The result is liteagent.

The litellm trade-off

The biggest design decision in liteagent is delegating all provider communication to litellm instead of writing custom provider code.

pi-mono's packages/ai/src/providers/ contains thousands of lines TypeScript across files for providers like Anthropic, OpenAI Completions, OpenAI Codex Responses, Google, Google Vertex, Google Gemini CLI, Mistral, Amazon Bedrock, etc.

liteagent's entire provider boundary is less than 100 lines in a single file (convert.py). It strips liteagent metadata, passes everything else through, and handles one provider quirk: hoisting images from tool results into synthetic user messages for OpenAI (which silently ignores image blocks in tool result content).

It's not perfect though.The upside is obvious, less to write, less to maintain, access to every model litellm supports. The downside is you inherit every litellm bug and inconsistency, and you can't fix them at the source easily. I can see why pi-mono went the custom route, and honestly I'm tempted at times to do the same for liteagent.

litellm issues encountered during this project

Many of the issues are documented in DESIGN_NOTES and LITELLM_API_LANDSCAPE. I think litellm is a great project, and has a very difficult task of mapping out all the llm providers patterns and unifying it all. A few of the issues I ran into:

Thinking metadata is inconsistent across providers. Anthropic gets reasoning_content (string) plus first-class thinking_blocks (with cryptographic signatures). Gemini gets reasoning_content (sometimes — absent on trivial prompts) with signatures buried in provider_specific_fields["thought_signatures"]. OpenAI's GPT-5.x thinking is completely invisible through Chat Completions (the model spends reasoning tokens but the content is hidden).

GPT-5.4 reasoning is silently disabled with tools. litellm quietly drops reasoning_effort when tools are present for GPT-5.4 specifically. This only affects 5.4; earlier models handle reasoning + tools fine through Chat Completions. The Responses API doesn't have this limitation, but litellm's acompletion() doesn't use it for base GPT models.

OpenAI ignores images in tool results. OpenAI's Chat Completions API accepts only string content in tool messages. If you send [text, image_url] blocks, the model sees the text but the image is silently dropped. Anthropic and Gemini handle multimodal tool results natively. This required a provider-specific workaround in the converter, the one place liteagent has provider-aware code.

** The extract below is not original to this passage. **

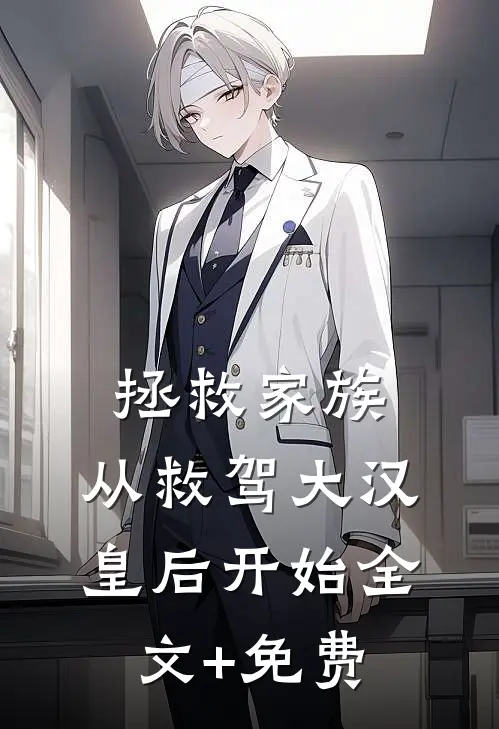 拯救家族，从救驾大汉皇后开始全文+免费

The key insight from this port is that the agent loop itself is provider-agnostic. The dual while-loop, steering, follow-ups, cancellation, event streaming, etc. do not depend on the provider. None of that cares which LLM is on the other end. The provider pain is entirely at the boundary: message format conversion, thinking metadata, multimodal content handling. Isolating that boundary to a single file (convert.py) keeps the core clean even when litellm forces workarounds.

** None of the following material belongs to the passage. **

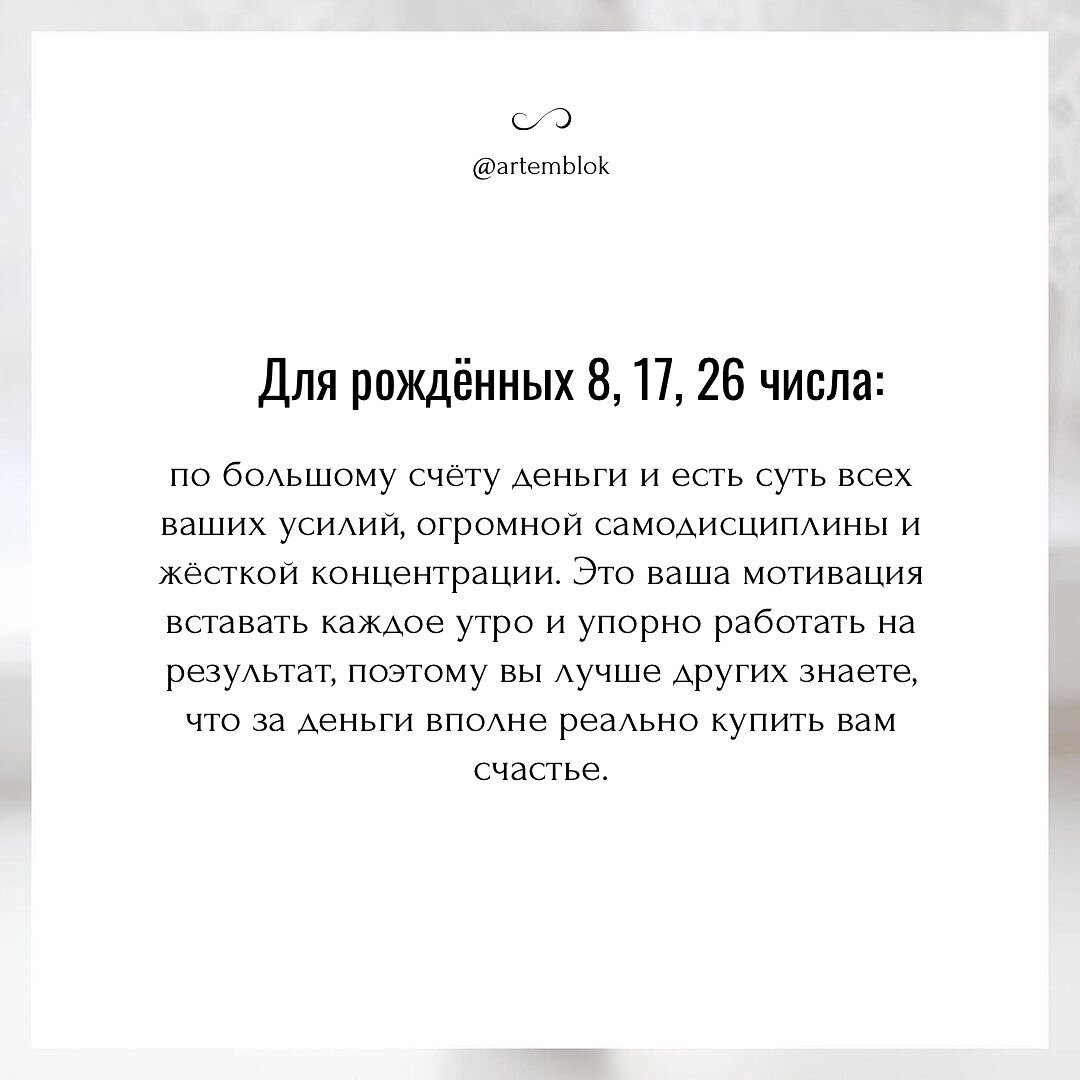 ЕСЛИ ВЫ РОДИЛИСЬ В ЭТОТ ДЕНЬ, ВАМ НЕЛЬЗЯ БЫТЬ БЕДНЫМ | Артем Блок.  Нумеролог. Матрица Судьбы | Дзен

But I'm still on the fence about the litellm trade-off. I want to spend some time building consumers that use liteagent, and see how much pain I actually have to deal with.

Next steps

pi-mono has so many great patterns. I love the streaming of events and having consumers subscribing to them. I also think the dual loop architecture with steering and follow-ups is a great pattern too. It goes beyond just a standard agent loop with some simple yet elegant "bells and whistles". I'm excited to build some tooling and custom agents around my python liteagent implementation.